Davis Innovation Park- Brief Background and Next Steps

innovation-parkby Rob White

For a number of years, there has been a fair amount of discussion about the potential for an innovation park in Davis. This article discusses a very brief background of the recent activities that have led up to this discussion and an outline of next steps.


In December 2008, the City Council contracted with the Center for Strategic Economic Research (CSER) to conduct a Business Park Land Strategy (BPLS). The primary objective of the BPLS was to better understand Davis’ long-term economic future and provide guidance for future decisions regarding community economic development goals for the 2010-2035 timeframe. Specifically, the City Council wanted to gain a better understanding of long-term business growth implications and land use tradeoffs should the Cannery property be rezoned for primarily residential uses.

The results of the BPLS  were reported in October 2010, which concluded that:

1.     Davis economic development policies support knowledge-based business growth.

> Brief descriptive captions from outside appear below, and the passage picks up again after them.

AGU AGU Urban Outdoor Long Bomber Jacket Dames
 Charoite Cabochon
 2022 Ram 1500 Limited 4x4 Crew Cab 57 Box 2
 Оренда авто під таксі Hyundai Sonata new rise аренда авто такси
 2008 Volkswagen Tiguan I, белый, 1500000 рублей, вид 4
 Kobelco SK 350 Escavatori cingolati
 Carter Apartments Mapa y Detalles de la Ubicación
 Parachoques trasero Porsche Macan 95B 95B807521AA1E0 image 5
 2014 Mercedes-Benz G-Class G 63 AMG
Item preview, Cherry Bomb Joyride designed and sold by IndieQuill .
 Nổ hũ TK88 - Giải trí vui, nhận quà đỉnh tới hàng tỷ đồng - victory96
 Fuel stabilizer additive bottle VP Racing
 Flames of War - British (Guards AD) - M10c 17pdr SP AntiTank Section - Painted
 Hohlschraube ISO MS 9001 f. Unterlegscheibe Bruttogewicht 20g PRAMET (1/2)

2.     Knowledge-based business provides substantial local economic value.

3.     Growth in knowledge-based industries has been steady.

4.     Opportunity for future business growth is strong.

5.     Future business growth will provide local economic benefit.

6.     Davis’ vacant commercial land inventory is limited, creating both immediate and future challenges for facilitating future business growth.

7.     Davis is well positioned for economic growth in industries consistent with existing economic development policies and workforce strengths.

As a result of the BPLS report, the City Council formed the Innovation Park Task Force. After two years of meetings and public outreach by the Task Force, and a study conducted by Studio 30, the City Council endorsed a set of findings and recommendations at a City Council meeting on November 2012.

The Task Force recommendations included:

1.     Adopt a new fiscal model that accurately evaluates both the fiscal impacts and economic benefits of new innovation/research development for the community.

2.     Pursue a “Dispersed Innovation Strategy” offering flexible space (scalability) supporting needs of growing and new businesses, including a combined approach of near term close-in hub with mid-term, larger less constrained edge sites offer the best mix of University proximity and expansion capability for the City.

3.     Initiate a community engagement process that incorporates the findings and recommendations of the Innovation Park Task Force and “City of Davis Innovation Center Study” and is aligned with other economic development public outreach efforts, to inform the community and solicit input.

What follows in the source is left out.